*Given records*.
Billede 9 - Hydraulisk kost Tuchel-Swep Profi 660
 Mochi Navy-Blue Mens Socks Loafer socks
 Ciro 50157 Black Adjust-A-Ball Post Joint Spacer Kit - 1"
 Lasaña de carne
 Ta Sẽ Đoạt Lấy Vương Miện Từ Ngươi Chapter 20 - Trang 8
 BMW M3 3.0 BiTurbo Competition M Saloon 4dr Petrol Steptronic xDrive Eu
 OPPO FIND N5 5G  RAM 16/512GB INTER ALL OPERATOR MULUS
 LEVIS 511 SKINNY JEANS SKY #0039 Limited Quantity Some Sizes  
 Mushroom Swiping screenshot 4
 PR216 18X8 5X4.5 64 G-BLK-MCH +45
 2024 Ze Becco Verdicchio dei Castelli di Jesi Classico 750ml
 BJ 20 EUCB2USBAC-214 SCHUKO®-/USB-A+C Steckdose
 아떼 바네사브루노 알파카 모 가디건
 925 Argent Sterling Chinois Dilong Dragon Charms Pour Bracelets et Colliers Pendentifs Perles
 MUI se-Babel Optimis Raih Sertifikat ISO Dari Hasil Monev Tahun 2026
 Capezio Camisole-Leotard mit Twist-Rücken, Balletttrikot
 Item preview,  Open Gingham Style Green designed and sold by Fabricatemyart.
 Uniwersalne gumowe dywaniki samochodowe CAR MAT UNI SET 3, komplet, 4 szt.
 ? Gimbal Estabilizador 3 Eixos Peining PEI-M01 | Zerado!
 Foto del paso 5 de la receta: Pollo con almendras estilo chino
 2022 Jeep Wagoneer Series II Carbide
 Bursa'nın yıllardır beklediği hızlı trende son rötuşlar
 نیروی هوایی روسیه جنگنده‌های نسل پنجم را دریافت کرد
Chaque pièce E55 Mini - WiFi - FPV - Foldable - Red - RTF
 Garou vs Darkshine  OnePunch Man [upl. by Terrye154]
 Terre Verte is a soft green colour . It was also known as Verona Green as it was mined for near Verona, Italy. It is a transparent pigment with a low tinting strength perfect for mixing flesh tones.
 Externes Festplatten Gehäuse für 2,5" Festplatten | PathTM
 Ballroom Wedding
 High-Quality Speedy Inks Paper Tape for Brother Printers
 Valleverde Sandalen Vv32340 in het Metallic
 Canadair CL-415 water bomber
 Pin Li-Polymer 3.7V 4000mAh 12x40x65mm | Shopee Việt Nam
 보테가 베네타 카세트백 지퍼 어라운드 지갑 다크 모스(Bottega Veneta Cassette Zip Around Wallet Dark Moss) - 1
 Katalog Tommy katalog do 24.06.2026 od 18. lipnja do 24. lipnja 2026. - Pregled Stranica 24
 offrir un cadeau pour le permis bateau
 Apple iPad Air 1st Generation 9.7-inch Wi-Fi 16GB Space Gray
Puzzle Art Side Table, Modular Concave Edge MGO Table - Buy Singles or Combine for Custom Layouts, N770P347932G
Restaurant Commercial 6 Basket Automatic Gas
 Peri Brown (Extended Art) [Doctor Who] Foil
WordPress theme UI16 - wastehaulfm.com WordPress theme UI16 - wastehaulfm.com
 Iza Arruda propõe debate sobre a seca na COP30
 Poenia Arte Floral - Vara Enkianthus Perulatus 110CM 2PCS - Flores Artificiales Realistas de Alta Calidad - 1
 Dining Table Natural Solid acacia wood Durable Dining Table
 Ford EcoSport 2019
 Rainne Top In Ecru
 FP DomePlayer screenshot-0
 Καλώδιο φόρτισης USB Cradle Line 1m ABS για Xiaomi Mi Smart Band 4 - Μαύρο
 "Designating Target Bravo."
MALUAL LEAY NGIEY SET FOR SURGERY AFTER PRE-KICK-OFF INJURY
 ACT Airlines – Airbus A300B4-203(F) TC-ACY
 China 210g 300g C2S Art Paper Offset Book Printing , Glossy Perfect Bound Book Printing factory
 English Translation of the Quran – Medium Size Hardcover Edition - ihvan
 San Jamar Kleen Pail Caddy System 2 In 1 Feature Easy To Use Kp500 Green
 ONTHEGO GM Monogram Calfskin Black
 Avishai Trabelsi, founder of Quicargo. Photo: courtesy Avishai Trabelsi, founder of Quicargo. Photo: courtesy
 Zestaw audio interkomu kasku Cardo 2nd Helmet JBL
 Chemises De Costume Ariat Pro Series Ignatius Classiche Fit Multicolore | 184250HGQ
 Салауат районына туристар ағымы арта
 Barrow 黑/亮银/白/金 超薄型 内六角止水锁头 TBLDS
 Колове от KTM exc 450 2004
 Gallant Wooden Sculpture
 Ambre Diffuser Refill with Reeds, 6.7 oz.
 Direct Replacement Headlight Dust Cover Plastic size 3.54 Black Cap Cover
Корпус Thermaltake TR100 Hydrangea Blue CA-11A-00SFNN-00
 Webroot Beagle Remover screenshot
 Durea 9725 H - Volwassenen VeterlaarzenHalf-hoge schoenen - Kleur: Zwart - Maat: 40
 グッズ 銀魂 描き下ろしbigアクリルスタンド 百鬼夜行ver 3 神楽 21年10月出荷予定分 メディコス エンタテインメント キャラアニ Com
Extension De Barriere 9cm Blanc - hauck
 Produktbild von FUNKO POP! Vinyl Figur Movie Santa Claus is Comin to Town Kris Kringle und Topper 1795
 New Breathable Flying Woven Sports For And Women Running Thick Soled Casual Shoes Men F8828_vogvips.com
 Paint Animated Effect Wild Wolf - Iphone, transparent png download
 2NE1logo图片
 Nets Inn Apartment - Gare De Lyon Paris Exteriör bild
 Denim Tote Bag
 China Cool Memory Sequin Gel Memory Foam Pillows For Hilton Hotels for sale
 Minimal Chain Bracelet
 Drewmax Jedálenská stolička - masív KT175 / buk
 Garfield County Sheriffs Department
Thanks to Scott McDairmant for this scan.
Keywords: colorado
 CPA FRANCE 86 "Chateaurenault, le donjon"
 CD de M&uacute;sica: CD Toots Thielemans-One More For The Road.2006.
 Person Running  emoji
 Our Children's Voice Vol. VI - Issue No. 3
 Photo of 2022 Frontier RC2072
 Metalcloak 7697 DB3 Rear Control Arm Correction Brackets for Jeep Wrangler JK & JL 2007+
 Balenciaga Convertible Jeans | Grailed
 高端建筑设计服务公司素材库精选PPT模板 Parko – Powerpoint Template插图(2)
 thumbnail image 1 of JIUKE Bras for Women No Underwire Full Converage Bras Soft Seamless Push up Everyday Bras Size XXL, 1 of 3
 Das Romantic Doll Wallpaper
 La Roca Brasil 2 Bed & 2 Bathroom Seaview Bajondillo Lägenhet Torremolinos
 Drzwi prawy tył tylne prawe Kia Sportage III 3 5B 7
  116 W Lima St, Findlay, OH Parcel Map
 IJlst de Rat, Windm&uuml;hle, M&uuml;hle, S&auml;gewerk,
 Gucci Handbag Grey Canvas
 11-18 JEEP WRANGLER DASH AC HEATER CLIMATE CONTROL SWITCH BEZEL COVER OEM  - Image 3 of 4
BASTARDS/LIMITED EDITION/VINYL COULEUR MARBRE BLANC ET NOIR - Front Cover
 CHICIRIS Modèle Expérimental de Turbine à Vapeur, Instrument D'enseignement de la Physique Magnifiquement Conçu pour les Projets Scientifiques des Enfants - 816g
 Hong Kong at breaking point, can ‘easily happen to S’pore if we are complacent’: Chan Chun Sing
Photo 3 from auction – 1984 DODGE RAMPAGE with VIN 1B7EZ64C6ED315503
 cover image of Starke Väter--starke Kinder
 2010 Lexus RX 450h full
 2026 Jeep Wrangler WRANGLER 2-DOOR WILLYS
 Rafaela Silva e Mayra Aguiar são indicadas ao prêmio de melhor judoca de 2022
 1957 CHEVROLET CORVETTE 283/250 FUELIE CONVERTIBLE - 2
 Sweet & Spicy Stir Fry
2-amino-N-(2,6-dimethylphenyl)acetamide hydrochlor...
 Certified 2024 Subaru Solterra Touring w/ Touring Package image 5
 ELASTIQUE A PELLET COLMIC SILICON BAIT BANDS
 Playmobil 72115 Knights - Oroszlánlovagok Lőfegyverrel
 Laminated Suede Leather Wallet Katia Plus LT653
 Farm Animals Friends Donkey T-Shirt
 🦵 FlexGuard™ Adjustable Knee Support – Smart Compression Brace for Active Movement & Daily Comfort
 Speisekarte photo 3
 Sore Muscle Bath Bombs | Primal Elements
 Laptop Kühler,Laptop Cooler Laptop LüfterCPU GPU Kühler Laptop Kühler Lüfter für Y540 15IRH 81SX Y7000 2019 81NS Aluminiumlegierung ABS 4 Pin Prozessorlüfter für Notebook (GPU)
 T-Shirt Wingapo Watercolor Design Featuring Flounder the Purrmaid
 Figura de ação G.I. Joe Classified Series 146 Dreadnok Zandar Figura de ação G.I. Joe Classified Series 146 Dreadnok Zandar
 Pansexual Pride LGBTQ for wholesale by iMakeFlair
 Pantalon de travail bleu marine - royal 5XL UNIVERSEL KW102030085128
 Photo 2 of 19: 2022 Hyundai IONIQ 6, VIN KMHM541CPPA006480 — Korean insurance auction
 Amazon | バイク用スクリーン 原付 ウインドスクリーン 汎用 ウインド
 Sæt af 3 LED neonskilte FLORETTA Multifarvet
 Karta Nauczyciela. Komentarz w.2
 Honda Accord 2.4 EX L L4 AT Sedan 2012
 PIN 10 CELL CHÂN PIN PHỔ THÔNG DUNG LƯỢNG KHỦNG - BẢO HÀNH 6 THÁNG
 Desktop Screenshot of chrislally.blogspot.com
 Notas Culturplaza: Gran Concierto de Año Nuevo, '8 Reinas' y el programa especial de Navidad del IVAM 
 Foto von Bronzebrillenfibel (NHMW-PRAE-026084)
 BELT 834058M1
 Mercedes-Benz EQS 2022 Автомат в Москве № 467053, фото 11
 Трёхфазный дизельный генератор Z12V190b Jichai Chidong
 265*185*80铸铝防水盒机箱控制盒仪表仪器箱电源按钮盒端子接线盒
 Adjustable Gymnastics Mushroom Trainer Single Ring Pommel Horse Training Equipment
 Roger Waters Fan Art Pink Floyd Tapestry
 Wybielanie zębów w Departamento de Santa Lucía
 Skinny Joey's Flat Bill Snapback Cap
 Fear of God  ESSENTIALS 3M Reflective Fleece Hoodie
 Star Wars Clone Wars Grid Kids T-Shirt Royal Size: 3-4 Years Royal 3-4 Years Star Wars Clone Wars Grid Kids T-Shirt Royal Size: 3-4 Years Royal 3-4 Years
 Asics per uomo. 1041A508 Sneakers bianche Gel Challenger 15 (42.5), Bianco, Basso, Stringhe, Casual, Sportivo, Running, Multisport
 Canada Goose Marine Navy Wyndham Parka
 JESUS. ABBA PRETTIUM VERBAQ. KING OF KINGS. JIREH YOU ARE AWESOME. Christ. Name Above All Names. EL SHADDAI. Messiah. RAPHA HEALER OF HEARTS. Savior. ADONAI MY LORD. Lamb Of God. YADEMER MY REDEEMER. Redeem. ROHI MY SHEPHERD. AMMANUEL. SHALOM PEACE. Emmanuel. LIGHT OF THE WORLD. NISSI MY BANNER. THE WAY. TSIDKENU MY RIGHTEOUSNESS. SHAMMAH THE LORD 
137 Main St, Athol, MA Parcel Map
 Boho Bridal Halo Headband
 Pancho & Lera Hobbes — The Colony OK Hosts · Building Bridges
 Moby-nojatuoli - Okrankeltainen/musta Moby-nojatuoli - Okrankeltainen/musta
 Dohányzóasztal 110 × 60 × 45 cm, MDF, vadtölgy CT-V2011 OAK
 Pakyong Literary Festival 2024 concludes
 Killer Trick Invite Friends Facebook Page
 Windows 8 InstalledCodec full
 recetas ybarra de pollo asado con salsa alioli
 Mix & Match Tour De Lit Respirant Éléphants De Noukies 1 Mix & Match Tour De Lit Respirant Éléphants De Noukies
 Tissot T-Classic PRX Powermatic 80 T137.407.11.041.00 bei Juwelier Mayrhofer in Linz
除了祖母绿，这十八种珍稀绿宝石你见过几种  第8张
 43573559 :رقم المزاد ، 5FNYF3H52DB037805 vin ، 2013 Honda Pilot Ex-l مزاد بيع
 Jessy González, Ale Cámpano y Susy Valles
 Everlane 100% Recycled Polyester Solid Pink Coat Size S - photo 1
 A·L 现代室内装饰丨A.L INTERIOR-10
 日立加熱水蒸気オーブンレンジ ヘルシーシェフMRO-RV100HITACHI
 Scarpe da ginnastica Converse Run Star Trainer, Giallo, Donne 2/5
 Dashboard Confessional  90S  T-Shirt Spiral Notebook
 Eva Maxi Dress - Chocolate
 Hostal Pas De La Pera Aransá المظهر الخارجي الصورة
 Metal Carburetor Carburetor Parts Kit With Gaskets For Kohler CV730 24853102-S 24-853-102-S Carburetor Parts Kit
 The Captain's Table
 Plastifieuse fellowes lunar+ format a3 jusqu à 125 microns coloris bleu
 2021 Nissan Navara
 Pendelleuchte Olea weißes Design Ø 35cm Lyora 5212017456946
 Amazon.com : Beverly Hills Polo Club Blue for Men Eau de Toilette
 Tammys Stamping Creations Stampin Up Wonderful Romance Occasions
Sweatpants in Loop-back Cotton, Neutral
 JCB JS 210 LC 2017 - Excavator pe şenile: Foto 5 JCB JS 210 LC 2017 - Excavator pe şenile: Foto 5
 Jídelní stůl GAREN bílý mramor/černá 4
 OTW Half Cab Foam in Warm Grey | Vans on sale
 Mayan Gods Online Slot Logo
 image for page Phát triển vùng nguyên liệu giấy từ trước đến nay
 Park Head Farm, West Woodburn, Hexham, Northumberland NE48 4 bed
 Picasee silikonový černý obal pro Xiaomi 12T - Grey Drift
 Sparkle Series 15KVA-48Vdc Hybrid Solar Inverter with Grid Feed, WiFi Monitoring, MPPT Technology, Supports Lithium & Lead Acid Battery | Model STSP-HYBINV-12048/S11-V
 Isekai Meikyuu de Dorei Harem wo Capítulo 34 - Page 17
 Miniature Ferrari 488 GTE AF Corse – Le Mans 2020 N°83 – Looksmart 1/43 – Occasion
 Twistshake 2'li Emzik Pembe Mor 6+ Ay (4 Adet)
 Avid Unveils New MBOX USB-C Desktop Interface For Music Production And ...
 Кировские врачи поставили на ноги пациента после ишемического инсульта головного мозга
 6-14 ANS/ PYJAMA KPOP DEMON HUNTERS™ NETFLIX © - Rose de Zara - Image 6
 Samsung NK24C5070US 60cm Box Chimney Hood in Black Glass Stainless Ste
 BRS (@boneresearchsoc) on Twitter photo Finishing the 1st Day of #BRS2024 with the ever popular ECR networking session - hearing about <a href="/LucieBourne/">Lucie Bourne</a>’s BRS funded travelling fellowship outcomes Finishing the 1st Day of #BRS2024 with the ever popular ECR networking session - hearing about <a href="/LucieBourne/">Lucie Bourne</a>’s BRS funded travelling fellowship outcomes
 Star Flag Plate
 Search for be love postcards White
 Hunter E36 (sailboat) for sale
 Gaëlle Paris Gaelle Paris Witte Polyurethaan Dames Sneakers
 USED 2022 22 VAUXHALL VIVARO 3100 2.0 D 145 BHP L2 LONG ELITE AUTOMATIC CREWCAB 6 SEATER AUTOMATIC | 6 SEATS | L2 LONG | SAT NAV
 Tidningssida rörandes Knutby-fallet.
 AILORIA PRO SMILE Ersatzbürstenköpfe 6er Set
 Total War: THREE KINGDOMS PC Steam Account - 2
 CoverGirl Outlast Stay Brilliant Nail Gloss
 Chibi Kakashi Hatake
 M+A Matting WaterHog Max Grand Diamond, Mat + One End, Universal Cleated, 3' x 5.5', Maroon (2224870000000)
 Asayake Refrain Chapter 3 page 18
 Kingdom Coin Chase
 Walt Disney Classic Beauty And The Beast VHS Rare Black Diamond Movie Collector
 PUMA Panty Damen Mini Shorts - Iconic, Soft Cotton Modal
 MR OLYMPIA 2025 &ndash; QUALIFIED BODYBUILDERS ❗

*Exercise brief*. Write the lines again exactly, from the first line of the material above to the line that includes "Pin Li-Polymer 3.7V", both included. Leave out all the rest.

*Output of the task*.
Billede 9 - Hydraulisk kost Tuchel-Swep Profi 660
 Mochi Navy-Blue Mens Socks Loafer socks
 Ciro 50157 Black Adjust-A-Ball Post Joint Spacer Kit - 1"
 Lasaña de carne
 Ta Sẽ Đoạt Lấy Vương Miện Từ Ngươi Chapter 20 - Trang 8
 BMW M3 3.0 BiTurbo Competition M Saloon 4dr Petrol Steptronic xDrive Eu
 OPPO FIND N5 5G  RAM 16/512GB INTER ALL OPERATOR MULUS
 LEVIS 511 SKINNY JEANS SKY #0039 Limited Quantity Some Sizes  
 Mushroom Swiping screenshot 4
 PR216 18X8 5X4.5 64 G-BLK-MCH +45
 2024 Ze Becco Verdicchio dei Castelli di Jesi Classico 750ml
 BJ 20 EUCB2USBAC-214 SCHUKO®-/USB-A+C Steckdose
 아떼 바네사브루노 알파카 모 가디건
 925 Argent Sterling Chinois Dilong Dragon Charms Pour Bracelets et Colliers Pendentifs Perles
 MUI se-Babel Optimis Raih Sertifikat ISO Dari Hasil Monev Tahun 2026
 Capezio Camisole-Leotard mit Twist-Rücken, Balletttrikot
 Item preview,  Open Gingham Style Green designed and sold by Fabricatemyart.
 Uniwersalne gumowe dywaniki samochodowe CAR MAT UNI SET 3, komplet, 4 szt.
 ? Gimbal Estabilizador 3 Eixos Peining PEI-M01 | Zerado!
 Foto del paso 5 de la receta: Pollo con almendras estilo chino
 2022 Jeep Wagoneer Series II Carbide
 Bursa'nın yıllardır beklediği hızlı trende son rötuşlar
 نیروی هوایی روسیه جنگنده‌های نسل پنجم را دریافت کرد
Chaque pièce E55 Mini - WiFi - FPV - Foldable - Red - RTF
 Garou vs Darkshine  OnePunch Man [upl. by Terrye154]
 Terre Verte is a soft green colour . It was also known as Verona Green as it was mined for near Verona, Italy. It is a transparent pigment with a low tinting strength perfect for mixing flesh tones.
 Externes Festplatten Gehäuse für 2,5" Festplatten | PathTM
 Ballroom Wedding
 High-Quality Speedy Inks Paper Tape for Brother Printers
 Valleverde Sandalen Vv32340 in het Metallic
 Canadair CL-415 water bomber
 Pin Li-Polymer 3.7V 4000mAh 12x40x65mm | Shopee Việt Nam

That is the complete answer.